** Dataset **
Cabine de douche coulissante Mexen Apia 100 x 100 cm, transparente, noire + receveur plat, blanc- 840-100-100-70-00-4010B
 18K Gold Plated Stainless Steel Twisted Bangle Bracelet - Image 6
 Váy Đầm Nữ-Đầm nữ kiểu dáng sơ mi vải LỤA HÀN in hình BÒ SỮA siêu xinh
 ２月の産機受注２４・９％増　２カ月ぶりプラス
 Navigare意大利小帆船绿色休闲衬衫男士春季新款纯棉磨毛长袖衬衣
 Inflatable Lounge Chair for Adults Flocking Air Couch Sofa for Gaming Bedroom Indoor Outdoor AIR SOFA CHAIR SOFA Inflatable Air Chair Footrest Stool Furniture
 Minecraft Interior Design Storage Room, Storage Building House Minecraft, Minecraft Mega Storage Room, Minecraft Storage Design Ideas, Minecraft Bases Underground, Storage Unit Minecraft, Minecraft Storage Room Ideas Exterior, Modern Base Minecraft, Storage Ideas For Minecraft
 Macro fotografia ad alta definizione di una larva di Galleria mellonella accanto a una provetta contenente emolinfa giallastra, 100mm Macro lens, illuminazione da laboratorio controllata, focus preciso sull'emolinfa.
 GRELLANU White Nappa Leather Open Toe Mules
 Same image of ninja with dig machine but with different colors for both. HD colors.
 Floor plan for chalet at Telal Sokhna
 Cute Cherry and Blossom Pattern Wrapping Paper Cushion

** What is required **
Only a verbatim transcription of the lines from the one containing "18K Gold Plated" through the last line of the records counts as the answer.

** Answer for the task **
 18K Gold Plated Stainless Steel Twisted Bangle Bracelet - Image 6
 Váy Đầm Nữ-Đầm nữ kiểu dáng sơ mi vải LỤA HÀN in hình BÒ SỮA siêu xinh
 ２月の産機受注２４・９％増　２カ月ぶりプラス
 Navigare意大利小帆船绿色休闲衬衫男士春季新款纯棉磨毛长袖衬衣
 Inflatable Lounge Chair for Adults Flocking Air Couch Sofa for Gaming Bedroom Indoor Outdoor AIR SOFA CHAIR SOFA Inflatable Air Chair Footrest Stool Furniture
 Minecraft Interior Design Storage Room, Storage Building House Minecraft, Minecraft Mega Storage Room, Minecraft Storage Design Ideas, Minecraft Bases Underground, Storage Unit Minecraft, Minecraft Storage Room Ideas Exterior, Modern Base Minecraft, Storage Ideas For Minecraft
 Macro fotografia ad alta definizione di una larva di Galleria mellonella accanto a una provetta contenente emolinfa giallastra, 100mm Macro lens, illuminazione da laboratorio controllata, focus preciso sull'emolinfa.
 GRELLANU White Nappa Leather Open Toe Mules
 Same image of ninja with dig machine but with different colors for both. HD colors.
 Floor plan for chalet at Telal Sokhna
 Cute Cherry and Blossom Pattern Wrapping Paper Cushion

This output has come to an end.